К этому времени солнце садилось и небо окрашивалось в розовые, зеленые и золотые тона. Тогда мы возвращались в лагерь и, скрючившись, сидели у костра, а издалека непрекращающийся, пронизывающий ночной ветер доносил крики котиков, которые рычали, ревели и плескались в черной ледяной воде у пустынного побережья.

КЛУБНЕВИДНЫЕ ЖИВОТНЫЕ

Они не оставались долго под водой, а поднимались на поверхность и следили за нами, вытянув шеи и всем своим видом выражая великое изумление и любопытство.

Чарлз Дарвин. Путешествие натуралиста вокруг света на корабле «Бигль»

На съемки котиков я затратил десять дней, и, как это было ни печально, пришла пора оставить этих красивых и занятных животных. Нам действительно надо было ехать дальше, чтобы успеть найти лежбище морских слонов, пока они не покинули полуостров и не откочевали на юг.

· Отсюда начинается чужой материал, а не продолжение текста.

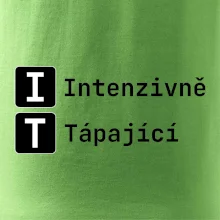 IT Nápis Intenzivně Tápající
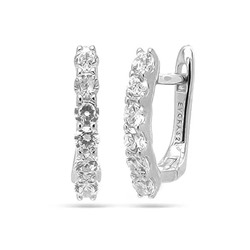 Серьги из серебра куб.циркон., МЦВ170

Поэтому за четыре следующих дня мы в поисках элефантерий вдоль и поперек исколесили весь полуостров и видели каких угодно диких животных, но только не морских слонов.

Я был поражен и обрадован обилием животных на полуострове Вальдес. Трудно было поверить, что всего в нескольких милях отсюда, за перешейком, где на сотни миль раскинулась страна кустов, мы за много дней не увидели ни единого живого существа. Тут, на полуострове, жизнь била ключом. Было похоже, что полуостров и его узкий перешеек – это нечто вроде тупика, ловушки, в которую навечно попались все дикие животные провинции Чубут. Хотелось бы, чтобы правительство Аргентины изыскало возможность превратить весь полуостров в заповедник, для которого он, кажется, предназначен самой природой. Во-первых, здесь собрана замечательная коллекция патагонской фауны, сконцентрированной в небольшом районе и легкодоступной для осмотра. Во-вторых, весь район можно легко и эффективно контролировать, благодаря тому, что с материком он соединен узким перешейком; соответствующий пропускной пункт на перешейке может тщательно проверять людей, въезжающих в район и покидающих его, и следить за всякого рода "спортсменами" (они есть в любой стране мира), которые забавляются, преследуя гуанако на скоростных автомобилях или осыпая картечью котиков. Полуостров разделен на несколько больших овцеводческих эстансий, но я не думаю, чтобы это имело большое значение. Правда, обитатели эстансий охотятся на гуанако и майконгов: на первых потому, что они якобы объедают пастбища, оставляя голодными овец, а на вторых потому, что они достаточно велики, чтобы таскать ягнят и кур. Но несмотря на это, во время своей поездки мы повсюду видели и гуанако, и майконгов. И если бы овцеводы вели себя разумно, то, по-моему, между домашними дикими животными можно было бы поддерживать своего рода равновесие. Если бы можно было объявить сейчас полуостров заповедником, то впоследствии, когда Южная Аргентина будет освоена еще больше (что неизбежно) и приличные дороги сделают полуостров более доступным, он стал бы приносить значительный доход от туризма.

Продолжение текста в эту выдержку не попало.